Only way you can do that is use the megger it will tell the Megaohms and you can able tell the differnce when you engerized the megger and go thru the test prodcures.

And use Zog's specs that is very clearly stated the best methold and time to run the megger most case in a minuite the most.

Just be aware if you did actually meggered few different size motours it will show differnt result so there are few ways to dealt with it.

And there are few other threads have allready have megger discussion so you may want to hit the search function for this purpose.

Merci,
Marc


----------



## acro

10-4


----------



## CheapCharlie

Actually winding resistance is a very important test on larger motors. (Phase to phase with a DVM). You have to be careful that the motor is not spinning at all (a fan for example) or your readings will be all over the place. But even a difference of .5 an ohm can be significant.


----------



## Cram Renraff

I have a 3 phase, 480 volt 20 hp motor running a conveyor which usually has standing freight on it. If they use more than half of the belt, it begins to overload (and is real close at half). All three phases read 100 megohms to ground. I'm thinking the motor is undersized for the job but since I am a vendor working at a different companies facility and they have their own engineering department, I am unlikely to convince the powers that be of this. Could I be wrong? Should I meg between the windings? Oddly, perhaps, of the five conveyors in this facility with 20 hp motors, this one pulls the lowest amperage without any freight on it.


----------



## <1percent

Production demands don't trump common sense, rather, it tramples it.
Always, always, rely on your training as an Electrician. Always.


----------



## <1percent

Cram Renraff said:


> I have a 3 phase, 480 volt 20 hp motor running a conveyor which usually has standing freight on it. If they use more than half of the belt, it begins to overload (and is real close at half). All three phases read 100 megohms to ground. I'm thinking the motor is undersized for the job but since I am a vendor working at a different companies facility and they have their own engineering department, I am unlikely to convince the powers that be of this. Could I be wrong? Should I meg between the windings? Oddly, perhaps, of the five conveyors in this facility with 20 hp motors, this one pulls the lowest amperage without any freight on it.


With some motors, you can check for shorts between the windings, but you need to be able to break the tie for the windings (delta or wye?). A lot of euro. motor manuf. use tie bars inside the terminal housing.
Maybe you can use an ac clamp meter, if you have one. Measure the amp draw on all three legs with motor running (no load, normal load) If you are not balanced, you can move forward with testing the motor branch circuit with your DMM for shorts, grounds, etc. Break it down into sections, starting with MCC cubicle, and work towards the motor.

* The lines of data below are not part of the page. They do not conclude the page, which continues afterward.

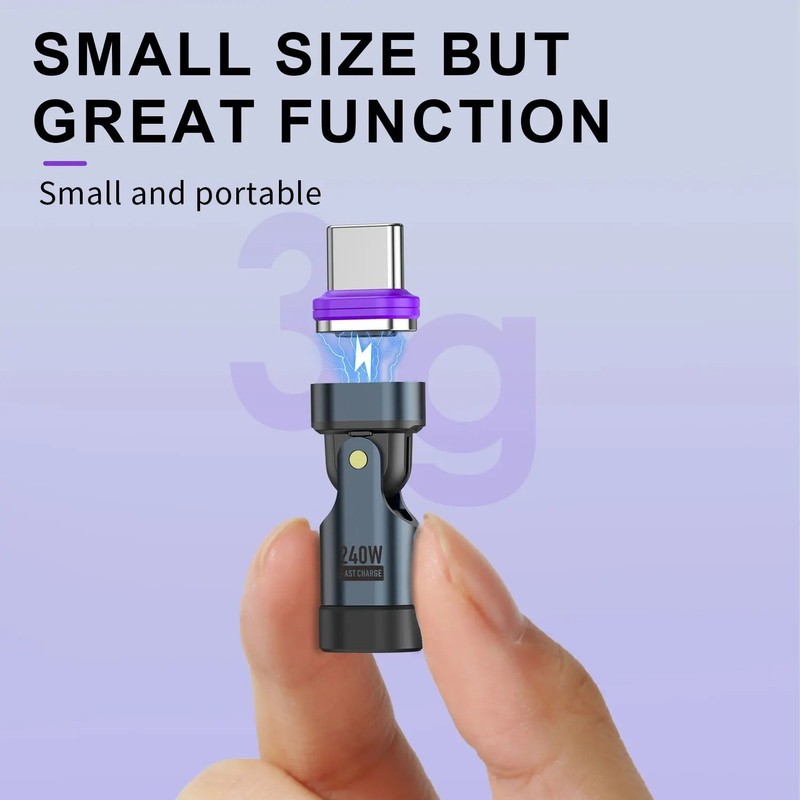 Fast Charging Type C Converter Uslion 240w Magnetic USB C Adapter 180° Rotation gallery
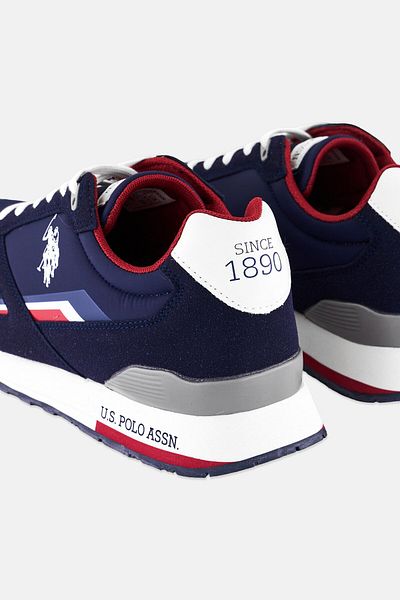U.S. Polo Assn. Men Textile-Eco Suede Lace Up Casual Shoes, Navy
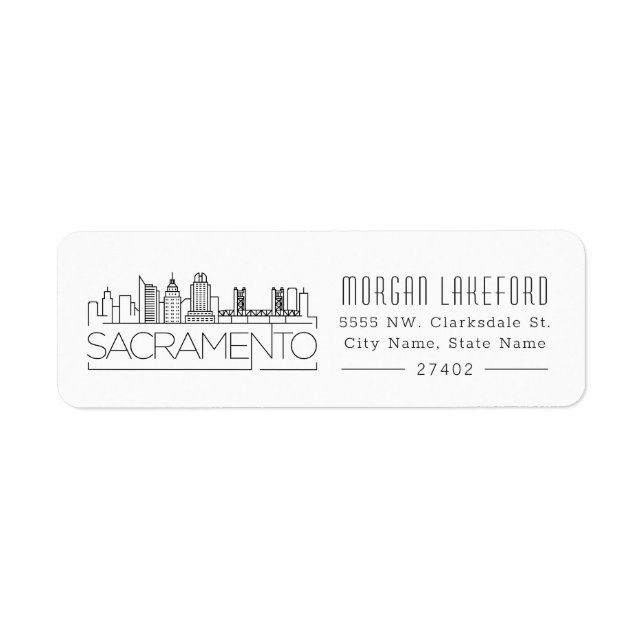Étiquette Sacramento, Californie Stylisé Skyline | (Devant)
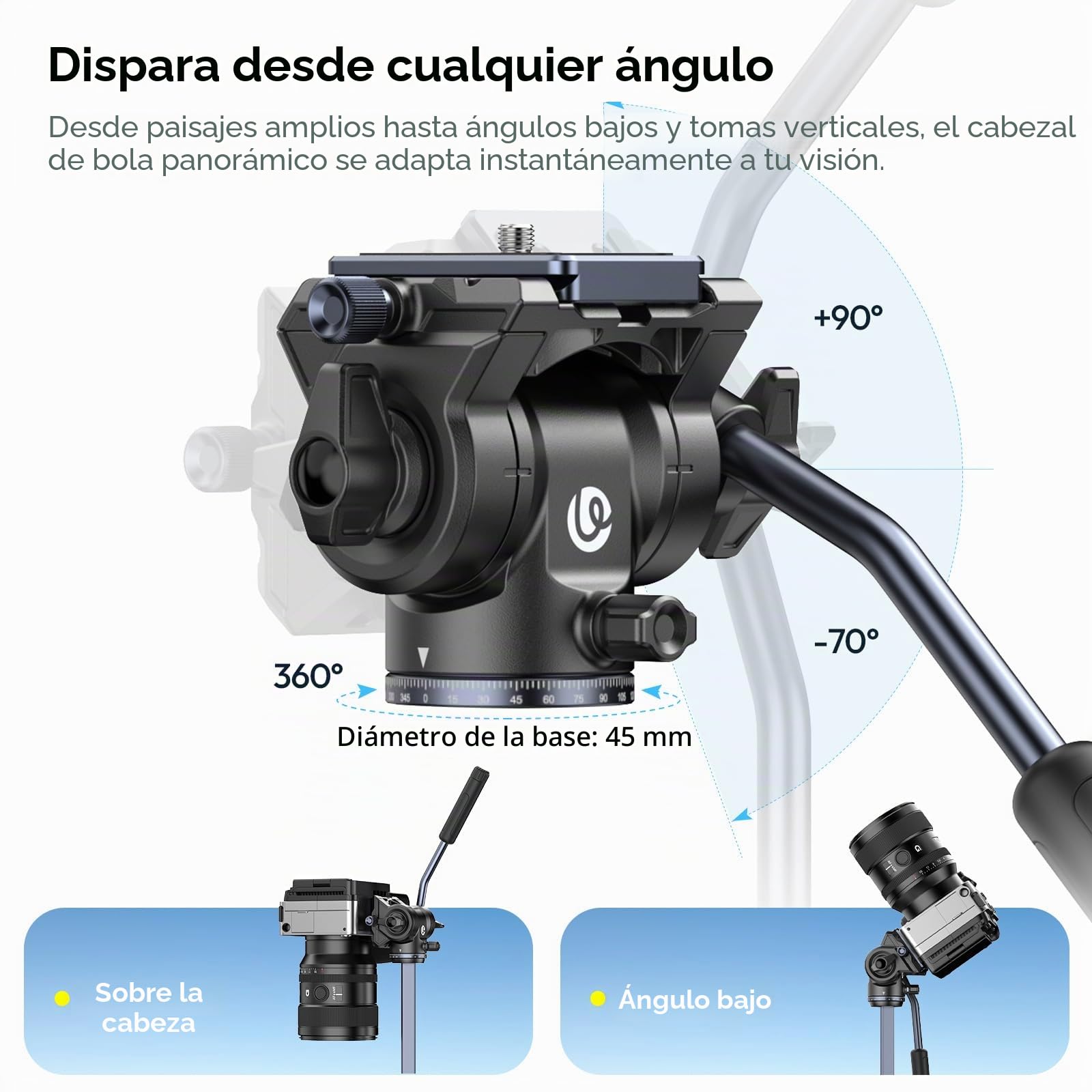 ULANZI Ombra Vídeo II Trípode para Cámara 157 cm con Cabezal Fluido, Giro de 360° e Inclinación de -70°/+90°, Trípode de Viaje con Soporte para Móvil, Compatible con Arca Swiss para DSLR, Móvil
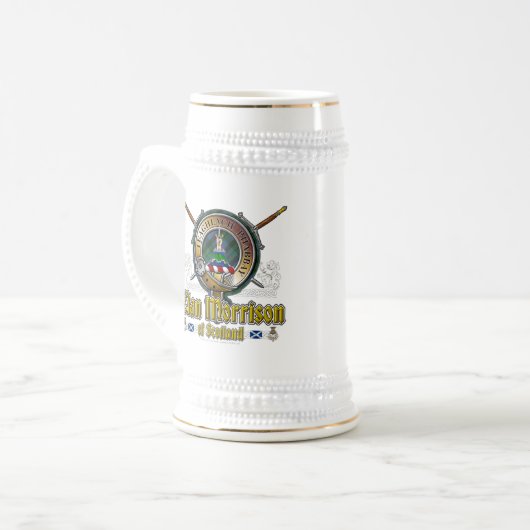 Morrison Clan Abzeichen Bierglas (Vorderseite Links)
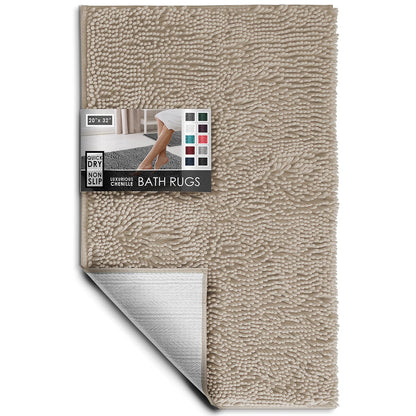 Hearth & Harbor Bathroom Rugs, Chenille Bath Mat - Machine Washable Bath Mats for Bathroom Non-Slip Backing Rubber, Quick Dry Bathroom Mat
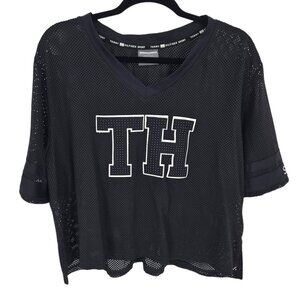 Tommy Hilfiger sport size medium black white mesh embellished cropped jersey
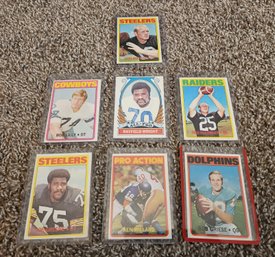 (7) Vintage NFL Trading Cards 1970's TOPPS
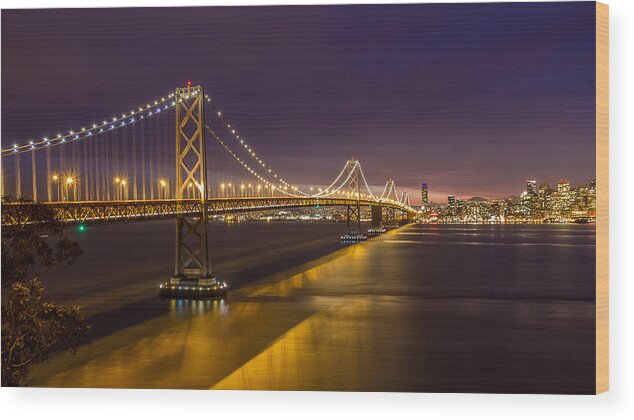 San Francisco Wood Print featuring the photograph San Francisco Bay bridge by Pierre Leclerc Photography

Every termination point is a possible weak link.


----------



## glen1971

5 years later, I'm hoping the OP figured it out...


----------



## Awg-Dawg

glen1971 said:


> 5 years later, I'm hoping the OP figured it out...


 
Looks like he did.




Last Activity: 06-05-2009 12:21 PM


----------



## jmoon

Cram Renraff said:


> I have a 3 phase, 480 volt 20 hp motor running a conveyor which usually has standing freight on it. If they use more than half of the belt, it begins to overload (and is real close at half). All three phases read 100 megohms to ground. I'm thinking the motor is undersized for the job but since I am a vendor working at a different companies facility and they have their own engineering department, I am unlikely to convince the powers that be of this. Could I be wrong? Should I meg between the windings? Oddly, perhaps, of the five conveyors in this facility with 20 hp motors, this one pulls the lowest amperage without any freight on it.


What's FLA on that motor? 26/28ish?

What's it drawing on an empty / full load? The solution may be a different gearbox rather than a bigger motor.


----------